I am grateful to my hon. and learned Friend for drawing attention to that. I have no wish to delay the House, but equally I have no wish that the House should not hear what should be said about this Bill. If my hon. and learned Friend feels that I am rushing through it—as he knows, it is my wont to speak fast rather than slowly—I shall endeavour to speak a little more slowly for his benefit. I agree that these are important matters. Important discussions took place. They cannot be taken lightly, and I do not want to give the impression that they were rushed. A lot of detail was covered in the discussions and I shall come to that during my speech.

In 1978 yet another section 9 application was made. It was frustrated when it was discovered that restrictive clauses in the proposed Bath Side bay agreement protecting Sealink traffic from Benelux to Boulogne would conflict with article 85 of the treaty of Rome.

In 1979, British Rail proposed that it would make a direct investment in the project. That was a clear indication of British Rail's confidence that Earlpar was on the right track with the project. Unfortunately, negotiations proved abortive during 1980 because of the heavy front-end loading of the scheme and the forecast of delayed returns. British Rail issued a further letter of intent in 1980 and it was later given an extension verbally. In August 1980, the Bath Side bay Development Act was extended to 1992. In July 1981, section 9 consent was granted for reclamation only. At that stage efforts were focused on raising funds, but these were inhibited by the privatisation programme included in the Transport Act 1981.
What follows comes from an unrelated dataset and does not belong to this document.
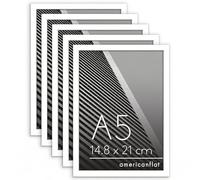 Americanflat A5 Picture Frame with Shatter-Resistant Glass - Set of 5 - Streamline Collection - Thin Border Photo Frame with Hanging Hardware and Easel for Tabletop and Wall Display - White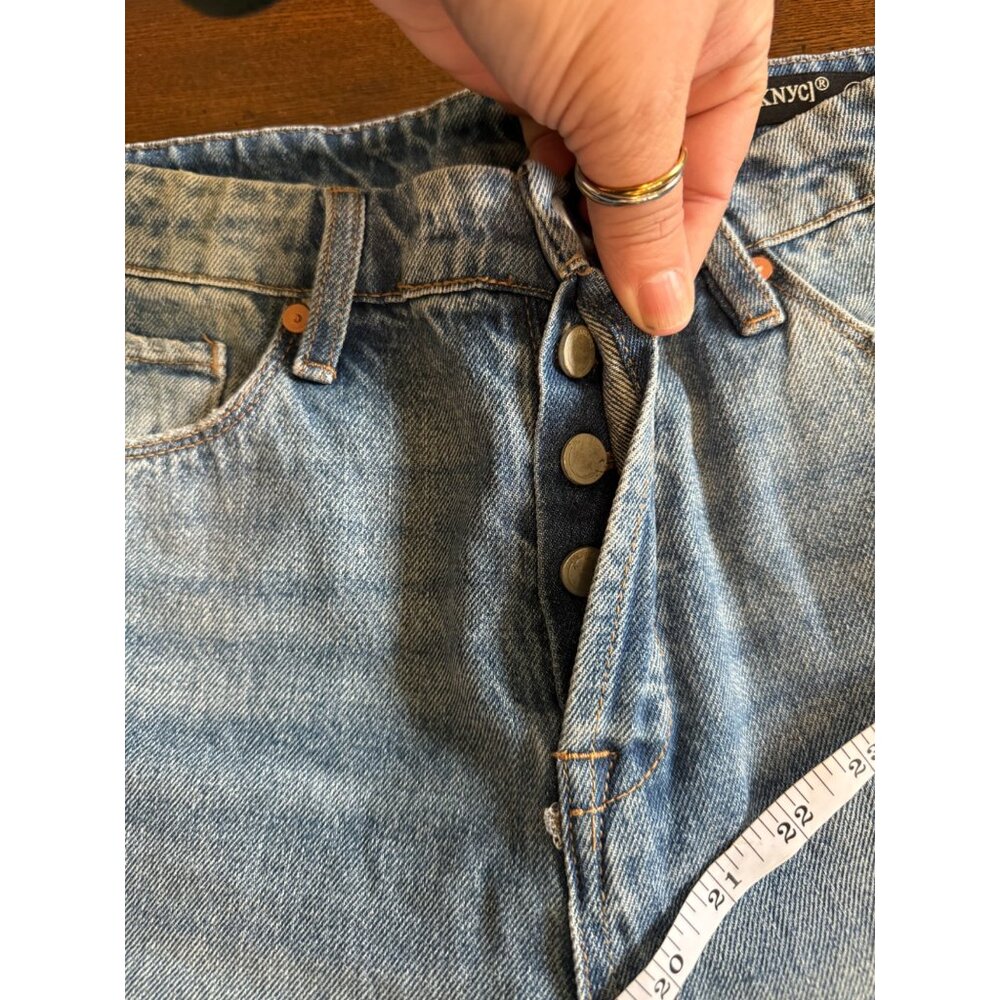 Blank NYC Baxter Ribcage Straight Leg Distressed Jeans Ripped Baggy Raw Hem Butt - Picture 7 of 16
In March 1984, there was news of the Harwich Harbour Conservancy Board's plan to dump at sea spoil obtained from estuarial dredging. From April to July of 1984 there were intensive negotiations with Sealink, the Harwich Harbour Conservancy Board and Essex county council to ensure that the spoil was used for partial reclamation. Authorisation to dump the spoil on Bath Side bay was given by the Department of Transport in November 1984. On 27 July 1984, Sealink sold to Sea Containers Ltd. At that stage, further conversations with Harwich Terminal Holdings Ltd. were brought to a halt. In November 1984 dredging started and spoil was deposited according to the plans of Harwich International Terminals. In March 1985 a conversation with Sea Containers was closed by Sea Containers.

Sir Julian Ridsdale

Does my hon. Friend agree that one of the reasons for the breaking off of the negotiations was the absurd price of £7.24 million asked by Harwich Terminal Holdings for the work that it had done beforehand?

Mr. McQuarrie

I am grateful to my hon. Friend for drawing that to my attention. It is an important matter.

Mr. Bill Walker

My hon. Friend has considerable experience of the construction industry and he knows what happens when work is partially completed. He will be aware of the importance of technical information. Is it his experience that one starts negotiations from a bargaining position and that no one expects the first bargaining position to be accepted?

Mr. McQuarrie

I am grateful to my hon. Friend for that intervention.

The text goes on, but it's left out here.